Task inputs:
'''

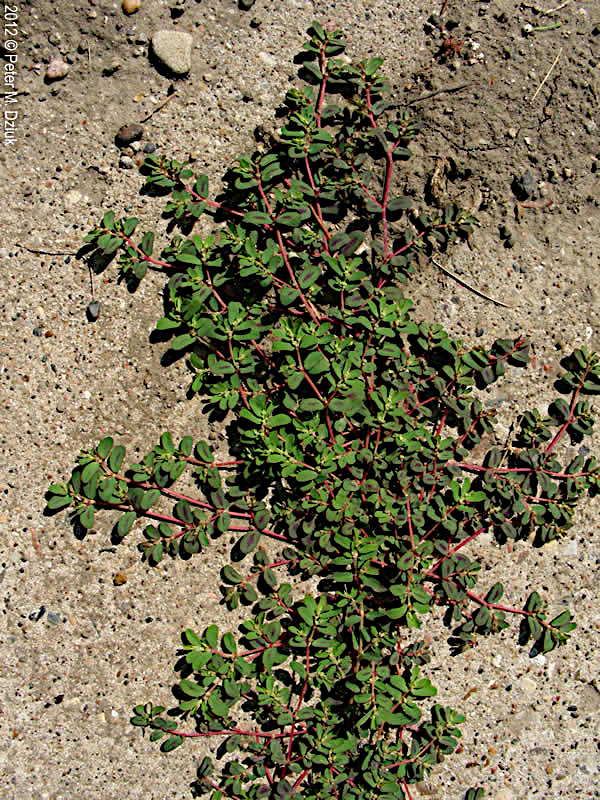 Euphorbia serpyllifolia, une euphorbe commune et répandue formant des tapis, originaire de l'ouest de l'Amérique.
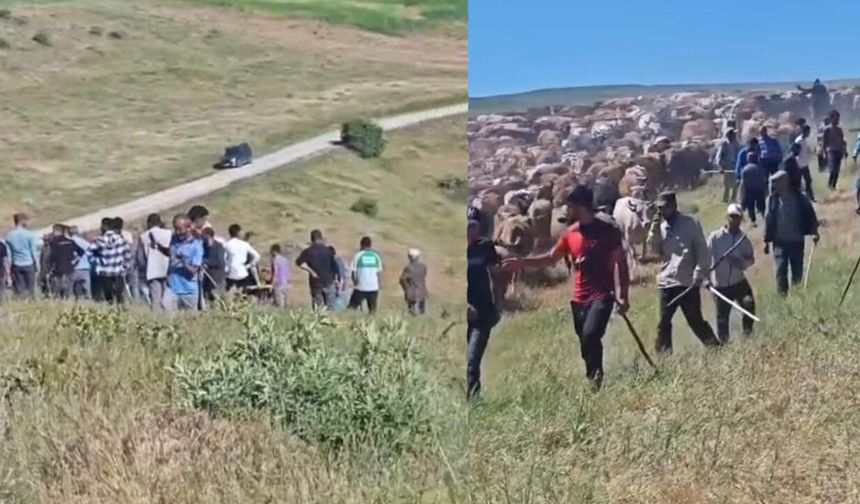 Muş’ta iki köy arasında 'arazi' kavgası: 2 yaralı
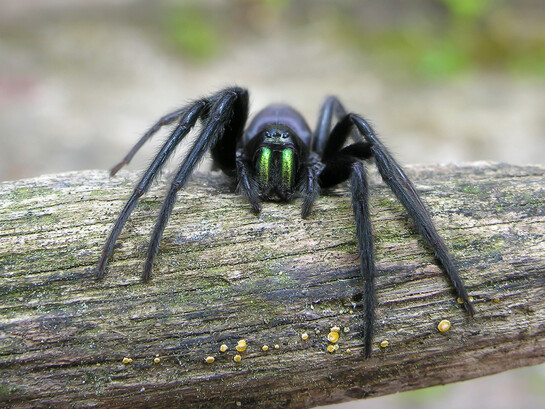 Esemplare di Segestria florentina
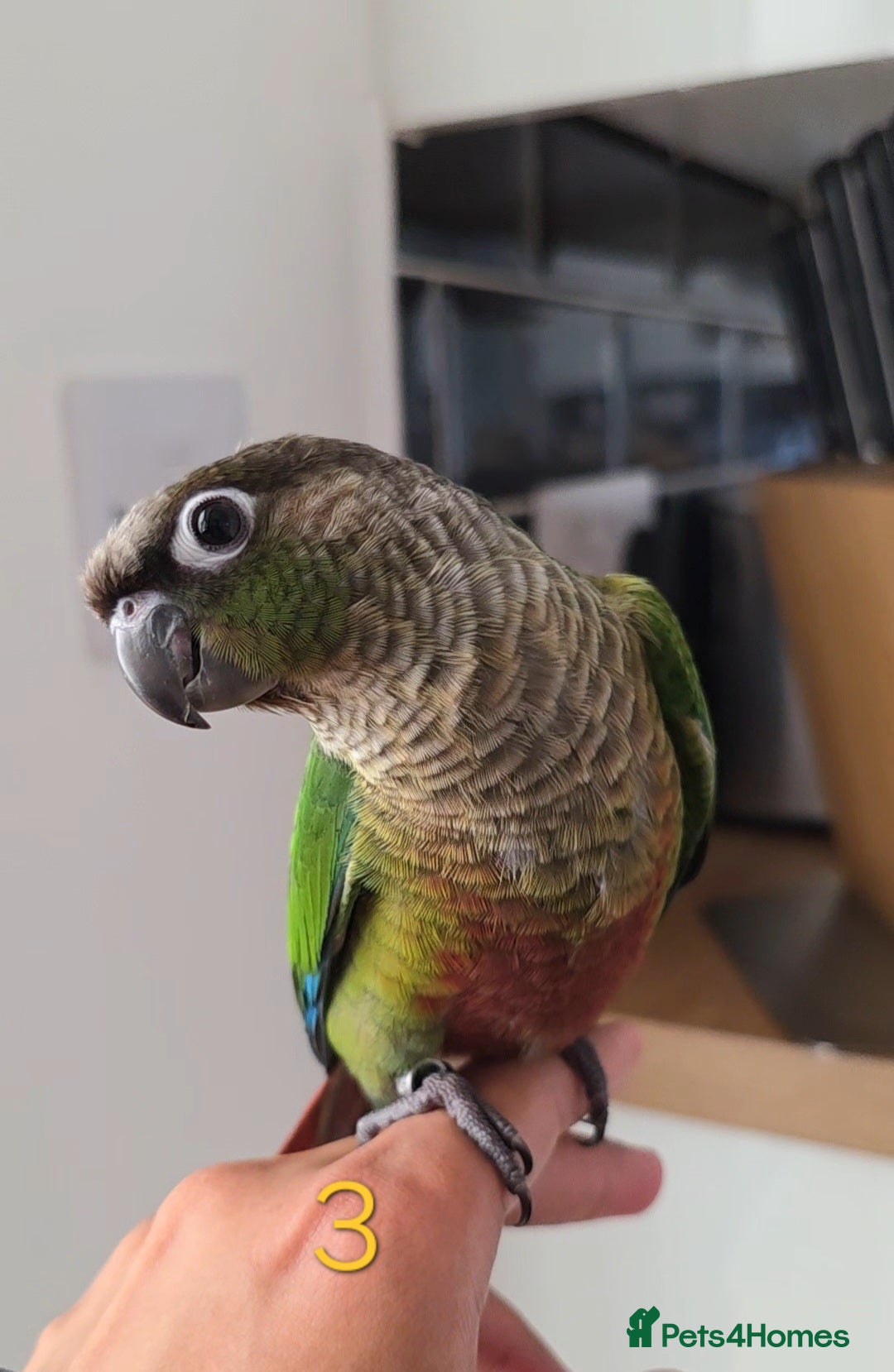 Parrots birds for sale: Handreared Baby Green Cheek Tame Conures  - Image 6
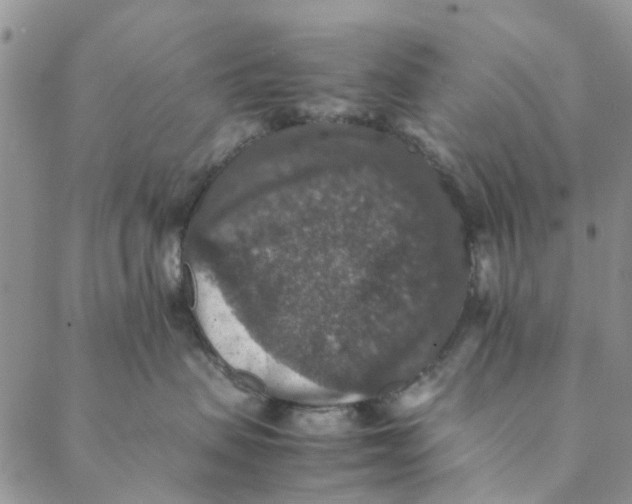 X0000088400479200706121239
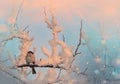 Songbird Tree Sparrow, Passer montanus, sitting on branch with snow during winter Royalty Free Stock Photo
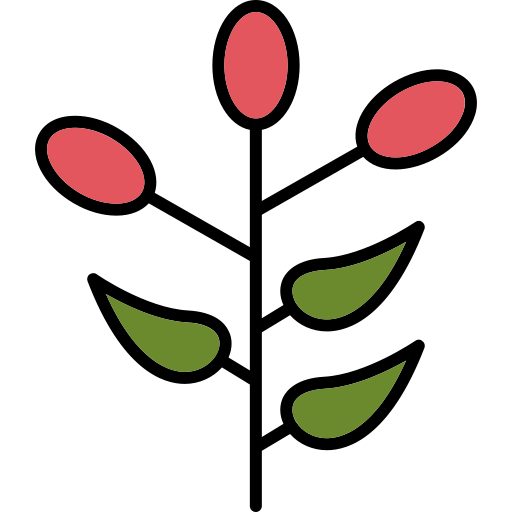 Barberry Generic color lineal-color icon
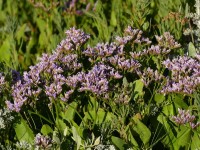 Breitblättrige Steppenschleier, Meerlavendel oder Strandflieder - Limonium latifolium Breitblättrige Steppenschleier, Meerlavendel oder Strandflieder - Limonium latifolium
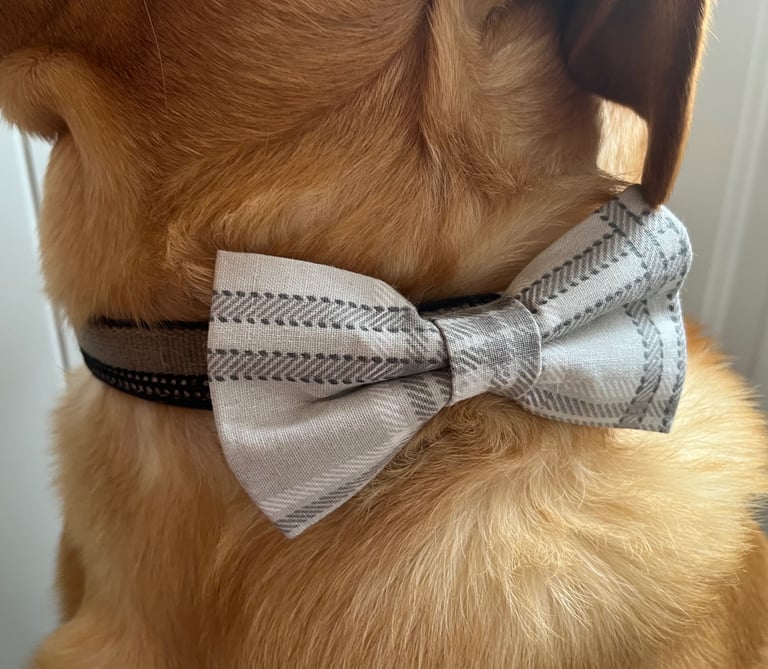 29 Dog Bow Ties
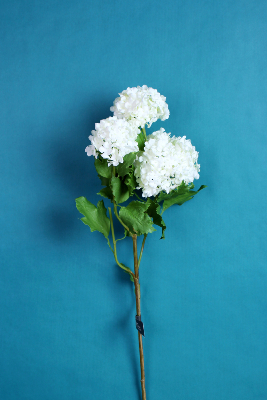 FLEUR ÉTERNELLE - Viburnum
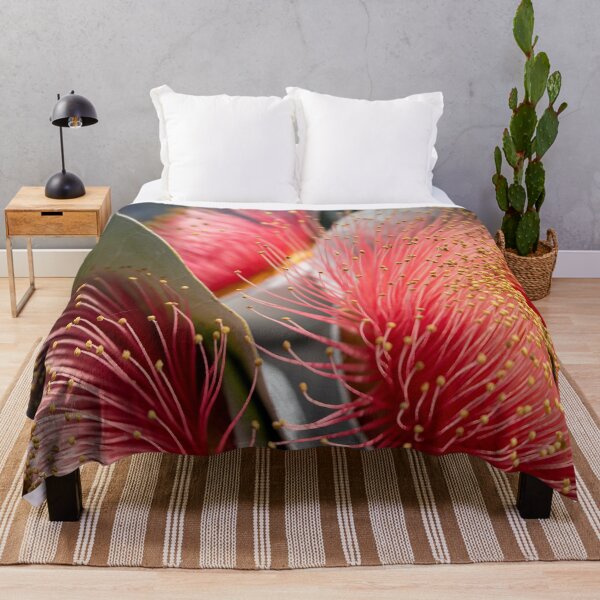 Item preview, Macrocarpa Magic  designed and sold by SallyB.Photography.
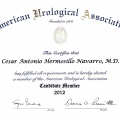 Ampliar imagen: certificate 3
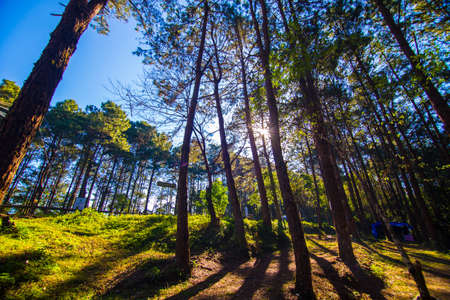 Pine tree forest morning sunrise sky background look up view vacation nature landscape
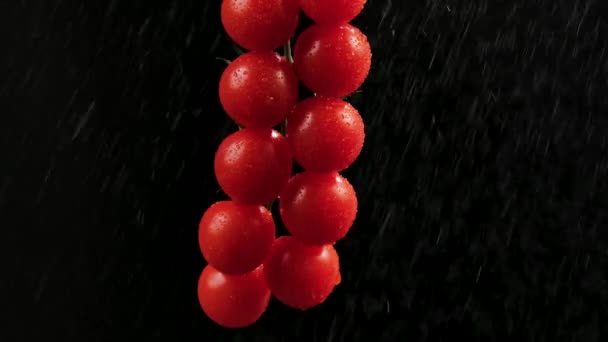 液滴による超スローモーション散水で赤い熟したトマトクラスター。湿ったトマトの束に水を振りかけた。柔らかいスタジオ照明の黒の背景。新鮮なトマトチェリーの映像。閉じろ!. — ストック動画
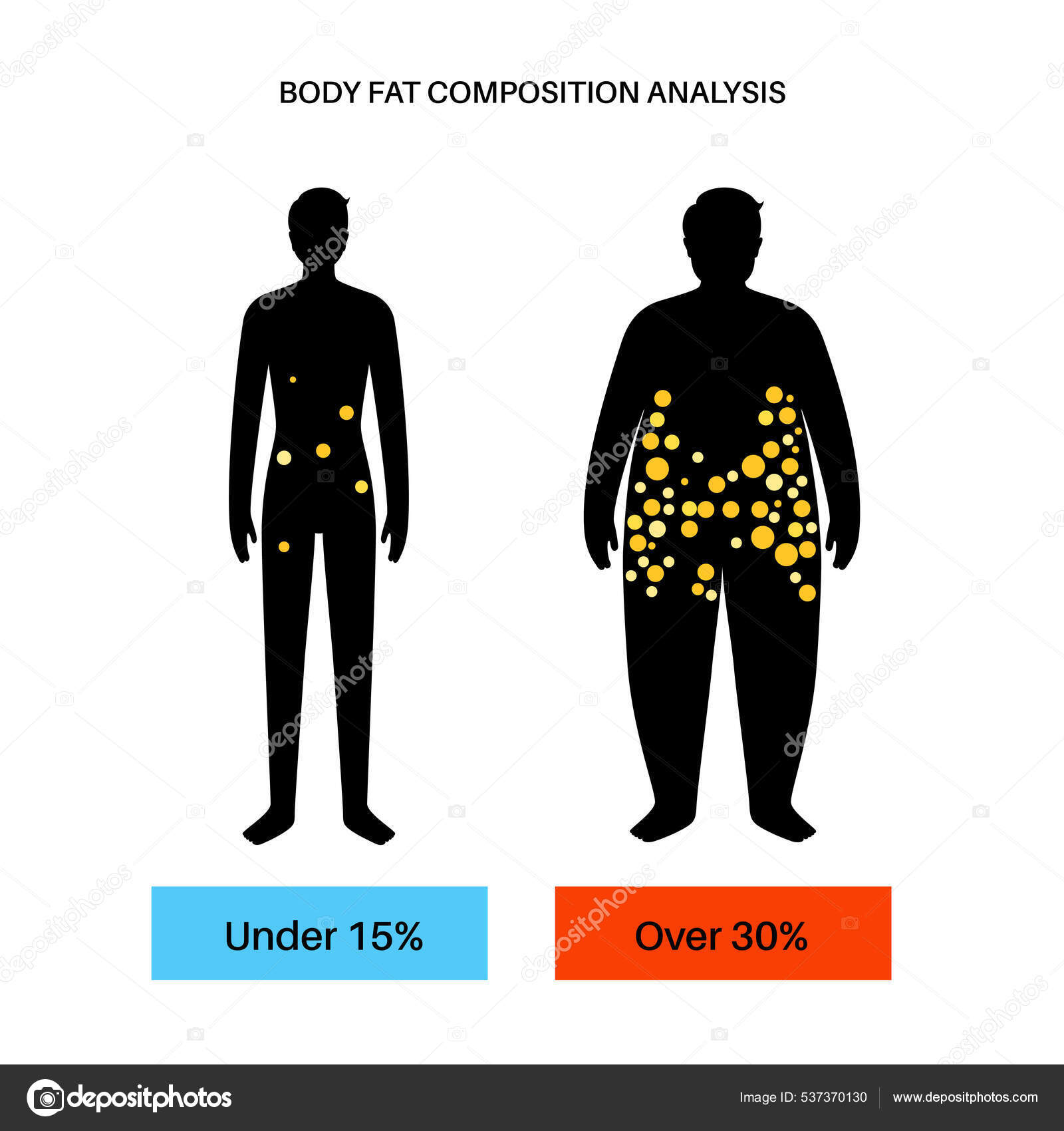 La distribution de la graisse chez l'humain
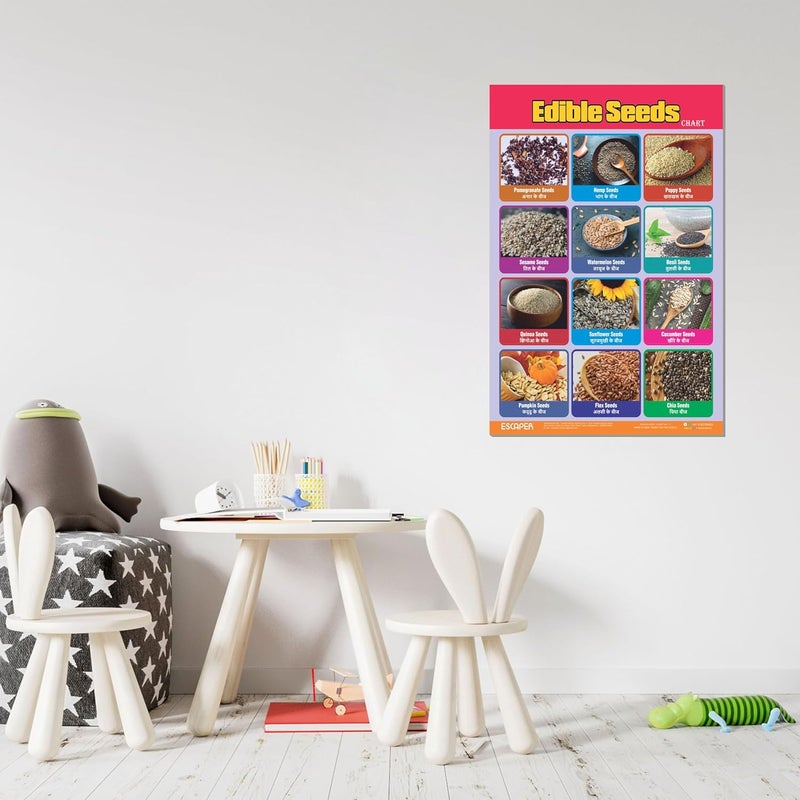 ESCAPER لوحات تعليمية للبذور القابلة للأكل (11.5 × 17.5 بوصة)، ورق 300 جرام، مغلفة، ذات لاصق ذاتي، مواد دراسية للأطفال، مثالية للتعليم المنزلي، طلاب الحضانة - Image 4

'''

Your objective: Retyped exactly, the lines from the one holding "La distribution de la graisse chez l'humain" through the last line of the data above are the whole answer. Pictures stay out.

Solution to this exercise:
 La distribution de la graisse chez l'humain
 ESCAPER لوحات تعليمية للبذور القابلة للأكل (11.5 × 17.5 بوصة)، ورق 300 جرام، مغلفة، ذات لاصق ذاتي، مواد دراسية للأطفال، مثالية للتعليم المنزلي، طلاب الحضانة - Image 4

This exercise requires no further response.